В ту ночь ты крался неслышно, как кот, но я прислушивалась, я знала, что ты придешь, хотя ты ничего мне не обещал. Я знала, что когда отодвину шторы, то увижу за ними тебя. Я поняла это по последнему взгляду, который ты мне подарил тогда, на свадебном ужине, когда мы прощались. Я ждала тебя не одну ночь. И это было так странно и так волшебно, когда неожиданно на крыше соседнего дома, отделенный от меня лишь пространством тесного дворика, вдруг появился ты. Ты смотрел на меня. Ты сидел на корточках, точно собирался одним прыжком преодолеть пространство двора и приземлиться у меня в комнате. Я потихоньку отворила окно. Я так обрадовалась, я ликовала, как ребенок. И делала тебе знаки: спрячься, спрячься скорее, ты с ума сошел! А на самом деле хотела сказать: останься, не уходи.
Скажи, тебе не приходила в голову мысль меня похитить? Я уже не помню, что мы с тобой друг другу говорили, по-моему, в основном молчали – но не столько из осторожности, сколько для того, чтобы насмотреться друг на друга. В какой-то момент – ты помнишь? – я прошептала: ты увезешь меня отсюда?
Это была вовсе не сказка, это была реальность, и она совсем не походила на ту историю, что рассказал нам сосед, коллекционер диковинных насекомых. Он называл ту нелепую историю сказочным синдромом. Но у нас-то было все наоборот: кошмар начался, когда за тобой пришли, и как раз теперь я живу как во сне, и ты – ты тоже попал в страшный сон.
Вдруг зажглось окно в маминой комнате. Мы испугались, как дети, застигнутые врасплох за шалостью. Ты потерял равновесие, и я на долю секунды испугалась, что ты оступишься и упадешь. Мы услышали, как щелкнул шпингалет окна. Уходи, уходи, крикнула я шепотом. Это мама, она тебя увидит! Ты засмеялся. Это в самом деле было ужасно смешно. Ты послал мне воздушный поцелуй и обратился в бегство, как спугнутый кот на крыше, и это было до того потешно, как ты спешил скрыться, – ты помнишь? – и у тебя с ноги соскользнул ботинок и застрял в сточном желобе. Это было как в детском спектакле: ты улепетываешь, а башмак скатился и застрял. Я корчилась от смеха, и тут вошла рассерженная мама. Она изумленно смотрела на меня, а я хохотала как полоумная, и мне казалось, что я слышу твой смех на крыше. Ох, мамочка, до чего же это было весело! Мама пожала плечами и закрыла дверь.

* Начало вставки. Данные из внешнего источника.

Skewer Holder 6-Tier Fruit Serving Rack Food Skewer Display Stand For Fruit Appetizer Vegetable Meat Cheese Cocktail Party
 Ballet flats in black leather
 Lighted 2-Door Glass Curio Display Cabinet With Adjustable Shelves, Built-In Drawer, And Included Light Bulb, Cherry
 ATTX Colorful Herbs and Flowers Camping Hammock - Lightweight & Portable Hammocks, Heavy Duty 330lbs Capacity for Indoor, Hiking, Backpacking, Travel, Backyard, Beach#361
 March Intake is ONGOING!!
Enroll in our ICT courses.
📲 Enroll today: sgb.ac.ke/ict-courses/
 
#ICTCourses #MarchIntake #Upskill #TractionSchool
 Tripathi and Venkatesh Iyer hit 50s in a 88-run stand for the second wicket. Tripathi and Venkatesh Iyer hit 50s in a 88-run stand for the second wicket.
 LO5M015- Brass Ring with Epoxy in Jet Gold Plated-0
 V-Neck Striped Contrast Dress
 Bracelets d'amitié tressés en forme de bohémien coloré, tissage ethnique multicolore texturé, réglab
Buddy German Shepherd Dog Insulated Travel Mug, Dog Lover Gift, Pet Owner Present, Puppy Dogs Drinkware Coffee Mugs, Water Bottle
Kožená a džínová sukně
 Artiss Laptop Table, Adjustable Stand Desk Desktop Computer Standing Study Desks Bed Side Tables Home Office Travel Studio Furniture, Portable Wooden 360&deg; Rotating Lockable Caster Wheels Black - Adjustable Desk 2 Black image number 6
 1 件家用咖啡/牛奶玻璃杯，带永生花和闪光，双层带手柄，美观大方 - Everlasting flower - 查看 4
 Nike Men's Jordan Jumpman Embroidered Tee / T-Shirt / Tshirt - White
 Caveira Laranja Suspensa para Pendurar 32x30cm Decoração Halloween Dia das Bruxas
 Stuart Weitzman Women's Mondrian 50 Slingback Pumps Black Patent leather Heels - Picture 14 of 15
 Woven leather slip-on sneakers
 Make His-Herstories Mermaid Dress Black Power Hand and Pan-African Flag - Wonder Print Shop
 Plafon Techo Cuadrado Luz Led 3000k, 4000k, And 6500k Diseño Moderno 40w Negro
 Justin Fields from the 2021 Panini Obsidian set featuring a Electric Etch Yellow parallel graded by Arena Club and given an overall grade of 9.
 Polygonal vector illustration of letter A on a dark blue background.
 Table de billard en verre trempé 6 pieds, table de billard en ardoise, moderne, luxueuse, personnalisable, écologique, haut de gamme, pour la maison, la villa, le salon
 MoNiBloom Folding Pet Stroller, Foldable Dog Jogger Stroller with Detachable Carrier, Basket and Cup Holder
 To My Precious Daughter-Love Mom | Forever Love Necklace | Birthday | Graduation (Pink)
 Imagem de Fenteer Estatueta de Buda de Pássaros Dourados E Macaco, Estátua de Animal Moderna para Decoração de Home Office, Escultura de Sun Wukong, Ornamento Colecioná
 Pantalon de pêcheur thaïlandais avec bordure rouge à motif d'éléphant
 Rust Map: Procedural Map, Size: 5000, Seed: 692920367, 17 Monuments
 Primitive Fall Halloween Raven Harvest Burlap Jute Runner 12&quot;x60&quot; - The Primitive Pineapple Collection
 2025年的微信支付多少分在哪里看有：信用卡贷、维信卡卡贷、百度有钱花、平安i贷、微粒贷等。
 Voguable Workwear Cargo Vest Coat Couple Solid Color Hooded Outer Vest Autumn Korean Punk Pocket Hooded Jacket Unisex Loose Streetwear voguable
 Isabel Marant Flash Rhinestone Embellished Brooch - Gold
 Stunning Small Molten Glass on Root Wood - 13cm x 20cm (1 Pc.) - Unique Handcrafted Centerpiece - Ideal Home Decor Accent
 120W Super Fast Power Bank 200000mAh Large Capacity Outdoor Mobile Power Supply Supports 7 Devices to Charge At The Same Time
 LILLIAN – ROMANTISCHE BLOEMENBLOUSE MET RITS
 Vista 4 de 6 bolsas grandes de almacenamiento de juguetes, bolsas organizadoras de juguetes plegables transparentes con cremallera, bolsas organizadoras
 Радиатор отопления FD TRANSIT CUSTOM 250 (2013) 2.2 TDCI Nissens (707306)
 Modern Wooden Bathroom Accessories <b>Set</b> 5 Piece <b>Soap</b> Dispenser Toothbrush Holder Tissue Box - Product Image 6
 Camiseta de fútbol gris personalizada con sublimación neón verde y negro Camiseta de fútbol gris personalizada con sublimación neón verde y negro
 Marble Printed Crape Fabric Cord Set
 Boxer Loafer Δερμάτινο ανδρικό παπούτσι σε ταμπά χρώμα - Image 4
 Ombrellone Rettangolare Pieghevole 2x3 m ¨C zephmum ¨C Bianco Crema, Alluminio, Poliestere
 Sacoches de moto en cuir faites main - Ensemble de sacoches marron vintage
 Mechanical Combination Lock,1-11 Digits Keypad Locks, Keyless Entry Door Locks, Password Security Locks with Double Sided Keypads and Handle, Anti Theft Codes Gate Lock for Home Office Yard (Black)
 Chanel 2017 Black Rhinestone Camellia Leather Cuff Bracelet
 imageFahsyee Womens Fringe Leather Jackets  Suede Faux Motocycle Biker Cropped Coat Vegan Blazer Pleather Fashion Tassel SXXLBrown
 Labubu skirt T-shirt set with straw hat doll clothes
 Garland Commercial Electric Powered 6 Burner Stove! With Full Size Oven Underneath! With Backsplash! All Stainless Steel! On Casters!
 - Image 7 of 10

А ботинок так там и остался. Я смотрю на него каждый день – это все, что ты оставил после себя. Как будто тебя забрали на небо, и ты сбросил с ноги башмак в доказательство того, что действительно был тогда на крыше и вся эта история мне не пригрезилась. Пока мы с тобой были вместе, я каждое утро раздвигала шторы, и видела на крыше твой ботинок, и не могла удержаться от улыбки. Но теперь он как будто сам надо мной смеется. Этот глупый кусок кожи, который я не могу достать, каждый день мозолит мне глаза и твердит с издевкой: ты потеряла его, ты его потеряла.
Кажется, мама обо всем догадалась, она говорит, что нам надо переехать. Но я не хочу, ты же знаешь, я все жду, что ты вернешься, чтобы забрать свой башмак.
Сейчас ночь. Ко мне недавно заходила мама, звала поесть. Я молча покачала головой. Она не настаивала и ушла. Я слышала, как она убрала со стола посуду и отправилась укладывать братика. Теперь стало совсем тихо, а я все сижу и смотрю в окно. Весь дом погрузился в сон, слышно только, как в окне напротив тихонько плачет маленькая девочка: ей, что ни ночь, страшные сны снятся. Вчера ночью она, как и я, смотрела в окно, словно тоже ждала чего-то.
Я прошу тебя, переплыви океан, пересеки сушу, отодвинь рукой весь мир, если он стоит между нами, отодвинь мягко или грубо, не имеет значения, но только, пожалуйста, приди и забери свой башмак. Вернись и забери то, что ты здесь оставил. Я буду сидеть и ждать тебя, мой дорогой, я тебе обещаю. Я готова в любой момент открыть окно. Приходи, умоляю.